Dataset section start
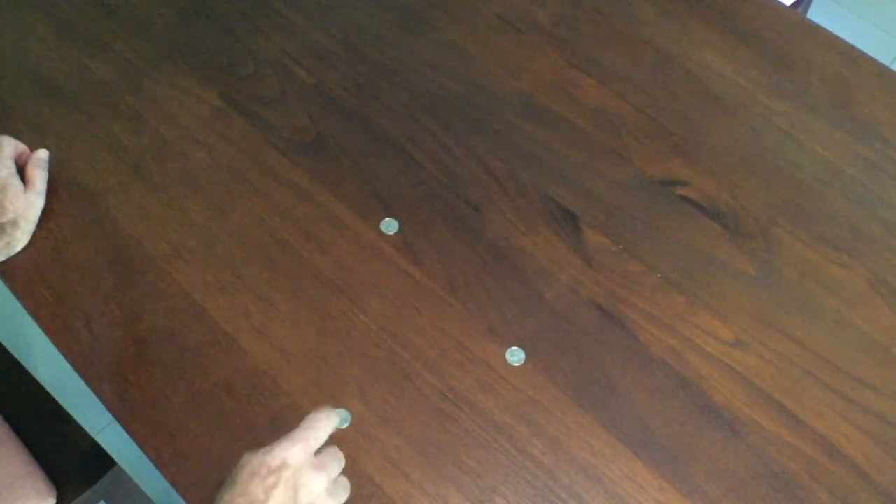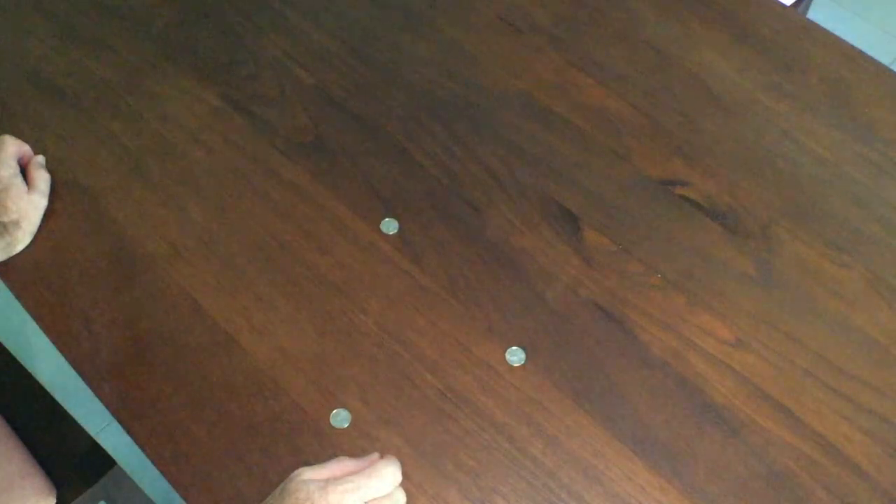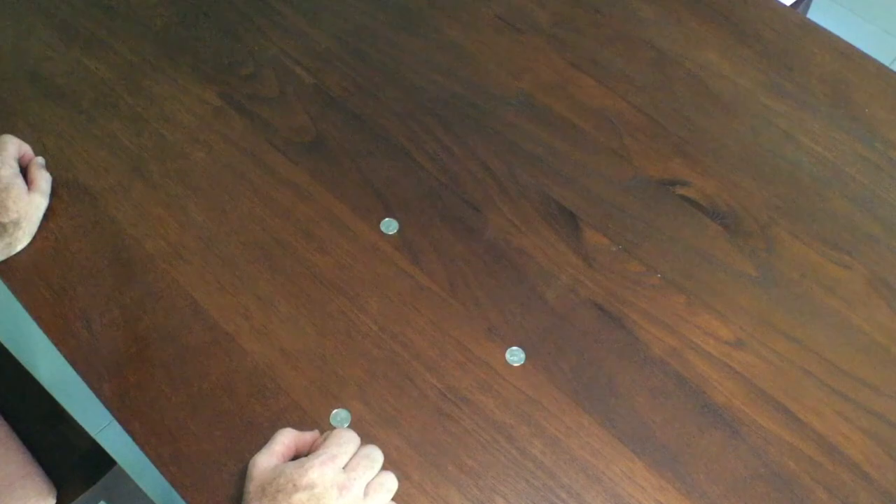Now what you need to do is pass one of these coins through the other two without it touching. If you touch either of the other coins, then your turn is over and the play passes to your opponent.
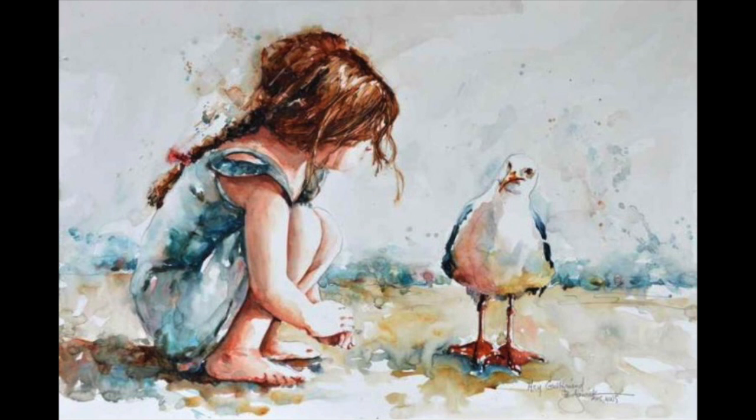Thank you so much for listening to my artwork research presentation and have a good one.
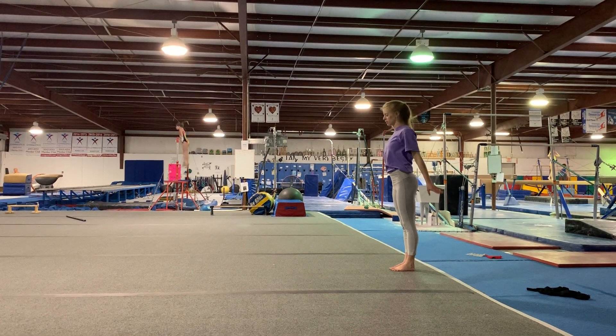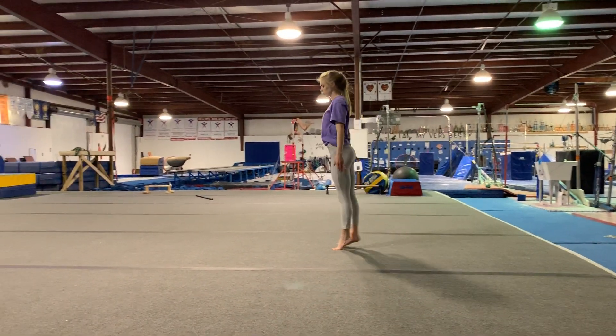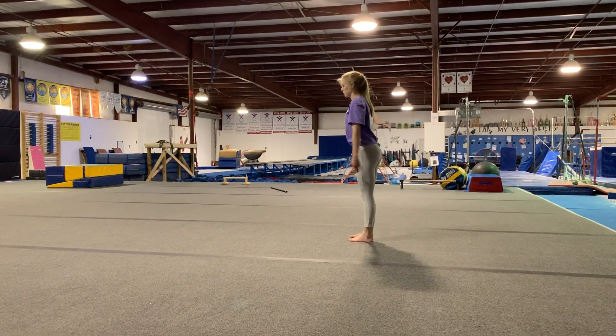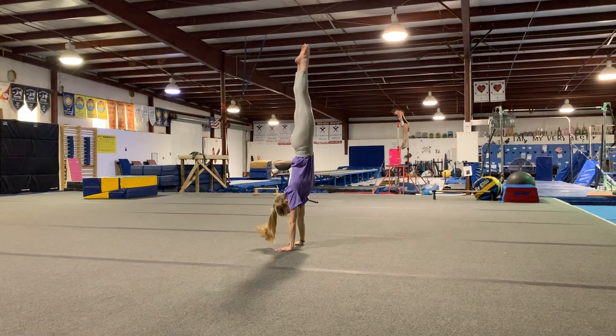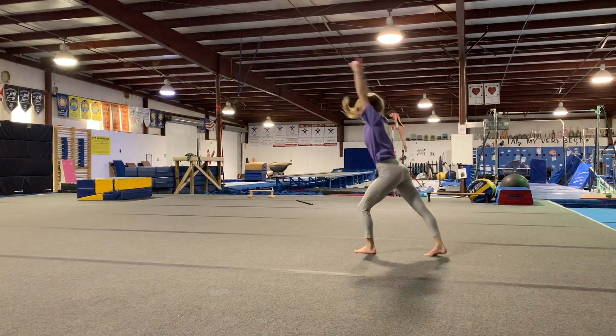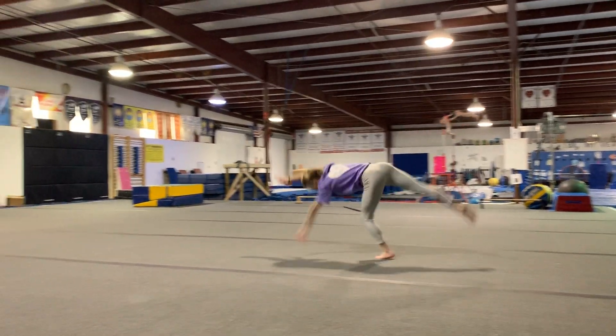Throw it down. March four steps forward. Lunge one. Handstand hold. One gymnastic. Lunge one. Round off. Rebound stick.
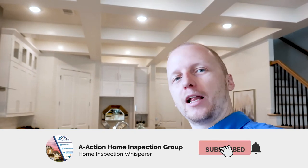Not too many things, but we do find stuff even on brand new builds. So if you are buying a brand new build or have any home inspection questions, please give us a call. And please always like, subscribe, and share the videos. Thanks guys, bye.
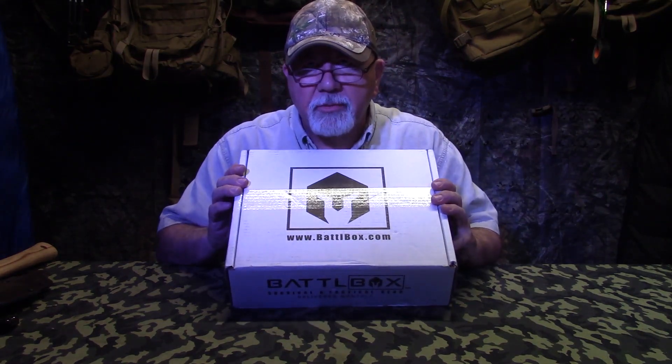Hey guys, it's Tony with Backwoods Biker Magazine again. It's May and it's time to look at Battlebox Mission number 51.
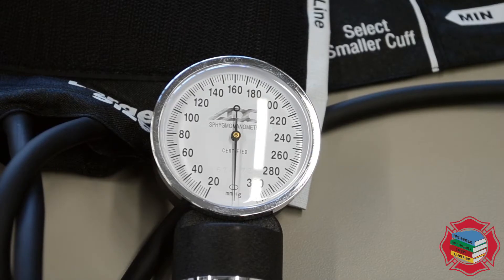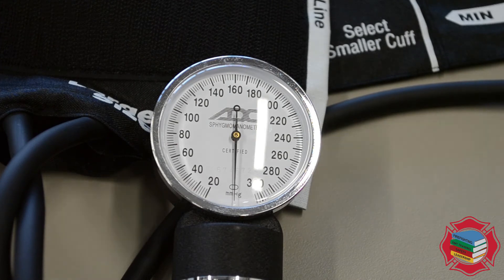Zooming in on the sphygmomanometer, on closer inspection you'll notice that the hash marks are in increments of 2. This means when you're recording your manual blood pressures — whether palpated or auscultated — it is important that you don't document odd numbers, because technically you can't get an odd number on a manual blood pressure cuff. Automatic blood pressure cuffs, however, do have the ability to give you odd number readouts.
Dataset section end
Dataset section start
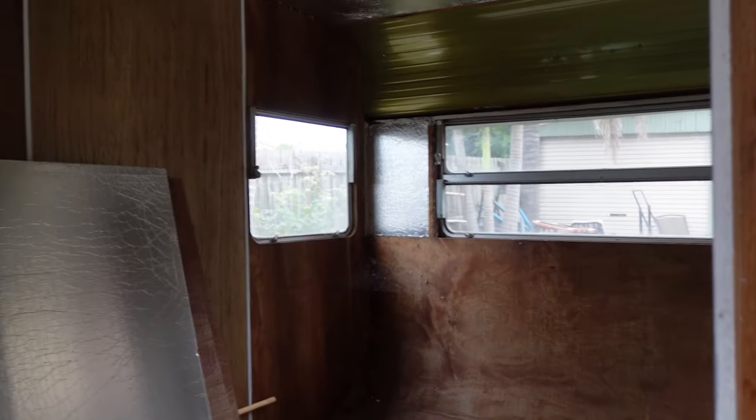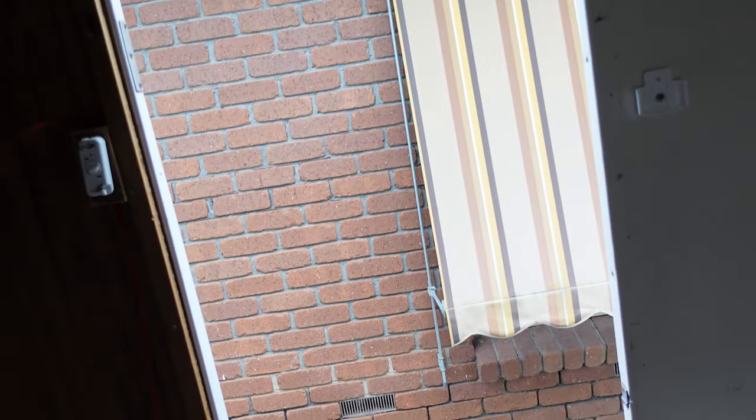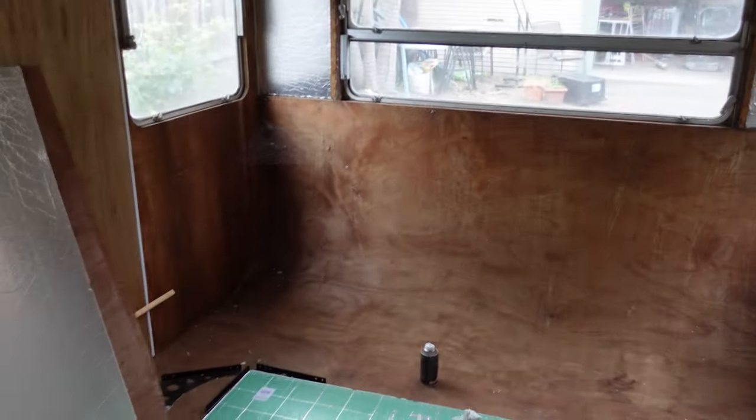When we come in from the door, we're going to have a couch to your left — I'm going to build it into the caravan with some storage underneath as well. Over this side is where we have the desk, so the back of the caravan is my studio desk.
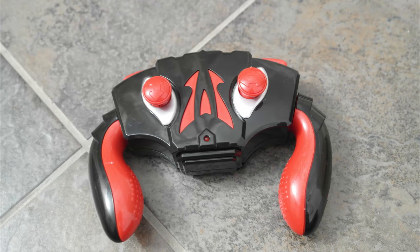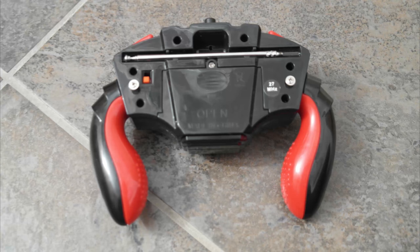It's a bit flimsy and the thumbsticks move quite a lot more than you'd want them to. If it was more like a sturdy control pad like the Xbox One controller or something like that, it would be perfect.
Dataset section end
Dataset section start
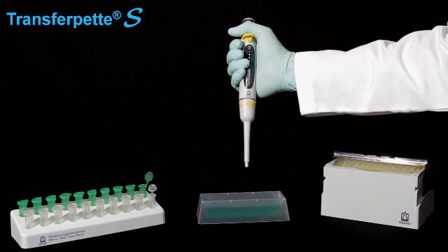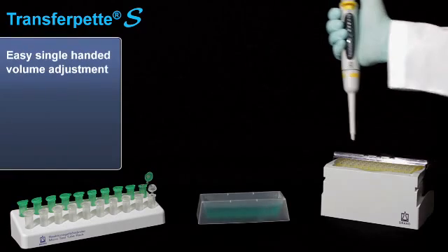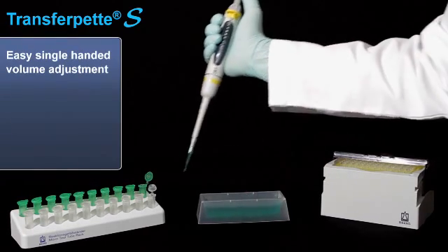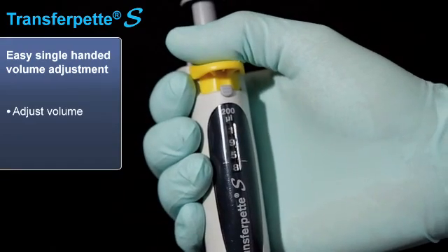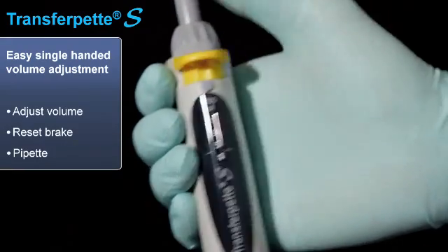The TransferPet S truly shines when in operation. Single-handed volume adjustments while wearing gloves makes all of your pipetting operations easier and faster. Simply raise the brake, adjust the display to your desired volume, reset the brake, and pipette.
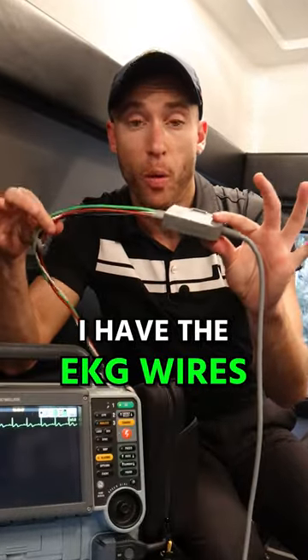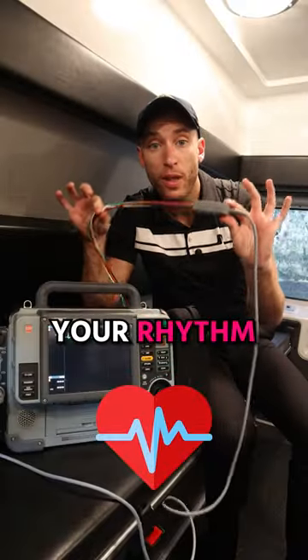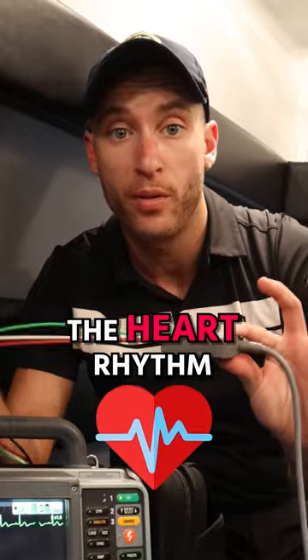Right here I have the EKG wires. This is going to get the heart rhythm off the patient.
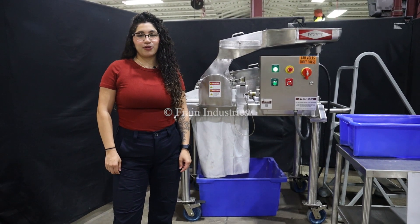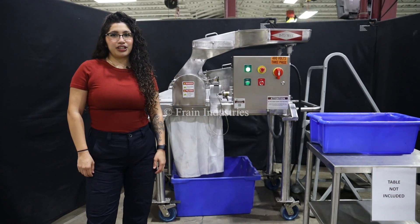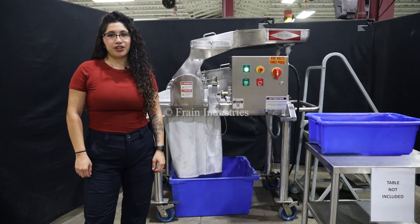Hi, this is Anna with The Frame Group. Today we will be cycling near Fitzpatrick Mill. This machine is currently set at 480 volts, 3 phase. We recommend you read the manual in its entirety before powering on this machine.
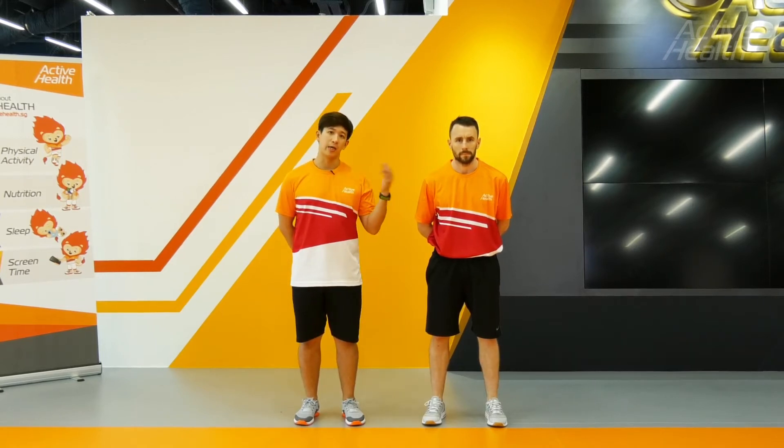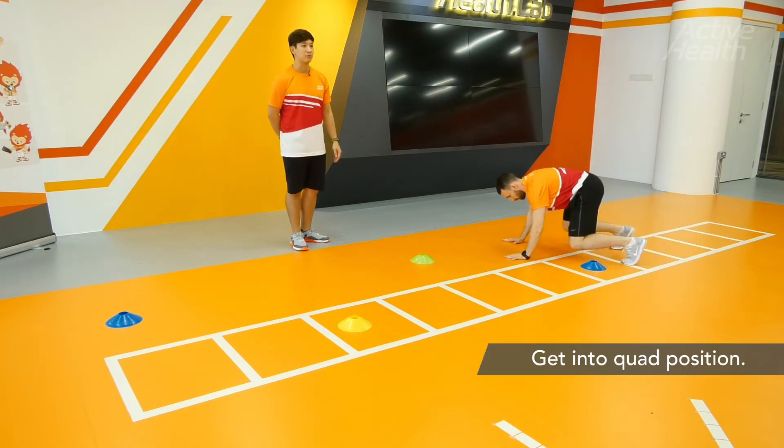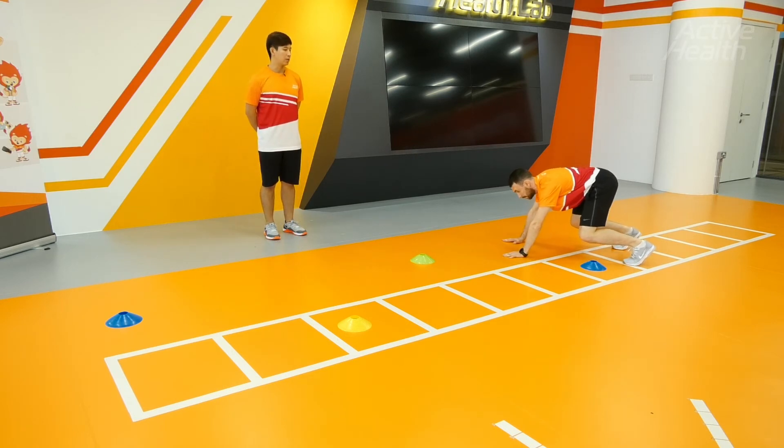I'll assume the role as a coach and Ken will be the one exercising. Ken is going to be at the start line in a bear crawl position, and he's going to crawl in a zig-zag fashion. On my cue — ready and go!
Dataset section end
■ **Task details**
Starting at the line containing "Thank you so" and finishing at the line containing "Zooming in on", return those lines exactly as they appear above, without the pictures.

■ **Answer section**
Thank you so much for listening to my artwork research presentation and have a good one.
Throw it down. March four steps forward. Lunge one. Handstand hold. One gymnastic. Lunge one. Round off. Rebound stick.
Not too many things, but we do find stuff even on brand new builds. So if you are buying a brand new build or have any home inspection questions, please give us a call. And please always like, subscribe, and share the videos. Thanks guys, bye.
Hey guys, it's Tony with Backwoods Biker Magazine again. It's May and it's time to look at Battlebox Mission number 51.
Zooming in on the sphygmomanometer, on closer inspection you'll notice that the hash marks are in increments of 2. This means when you're recording your manual blood pressures — whether palpated or auscultated — it is important that you don't document odd numbers, because technically you can't get an odd number on a manual blood pressure cuff. Automatic blood pressure cuffs, however, do have the ability to give you odd number readouts.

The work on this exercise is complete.